On May 16, 2018 Nanne van Noord defended his PhD thesis on learning visual representations of style at the University of Tilburg. He conducted his PhD research as part of the REVIGO project, prior to joining the SEMIA team. Below, he provides a short summary of his PhD thesis; a digital version of the thesis can be found here. The insights he gained carrying out this research feed into the feature extraction and analysis portion of the SEMIA project.
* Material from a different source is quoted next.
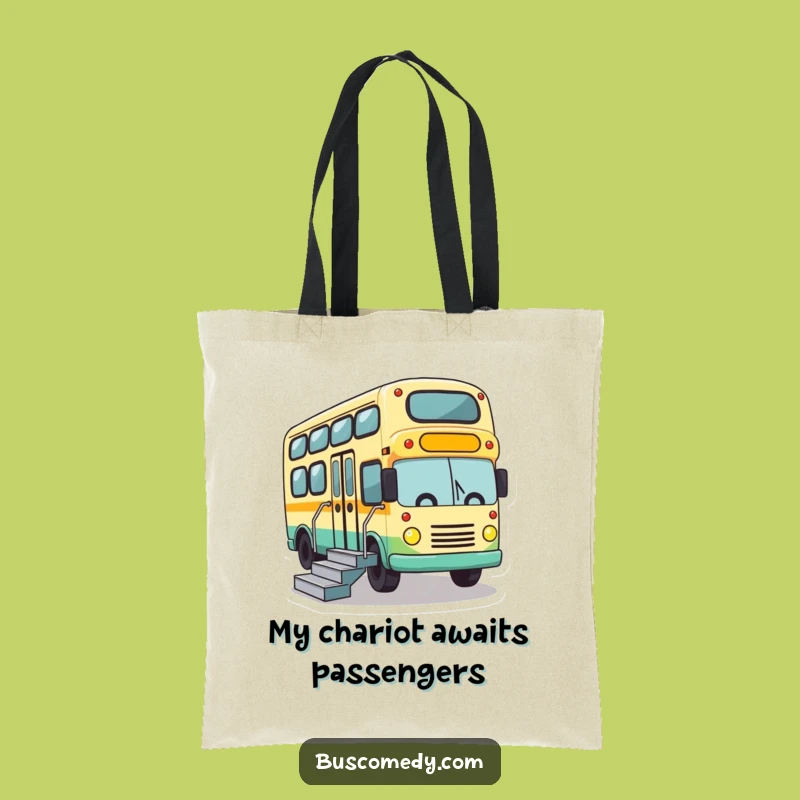 Funny Bus Stairs Tote Bag - Cute Character Carry-All Gift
An artist’s style is reflected in their artworks. This style is independent from the content of the artwork, two artworks depicting two vastly different scenes (e.g., a beach scene and a forest scene) both reflect the artist’s style. By recognising the style of the artist, experts, and sometimes even laymen, can tell the same artist created both artworks. Replicating this ability for connoisseurship in a computer, and potentially even giving a computer the ability to produce artworks in the style of the artist, is the main goal of the work I did for my thesis.
To analyse artworks with a computer we can use techniques from the field of computer vision. Traditionally, these techniques rely on handcrafted features to describe the characteristics of an image. However, in recent years the field of computer vision has been revolutionalised by the emergence of deep learning models. These are models which learn from the data a feature representation optimised for a task.
Deep learning models have been shown to be enormously successful on a wide range of computer vision tasks. Therefore, in my thesis I explore the application of deep learning models for learning representations of the artist’s style. By learning the representation we might discover new visual characteristics of artists, enriching our understanding of the artist’s style. Moreover, such a representation might enable new and novel applications.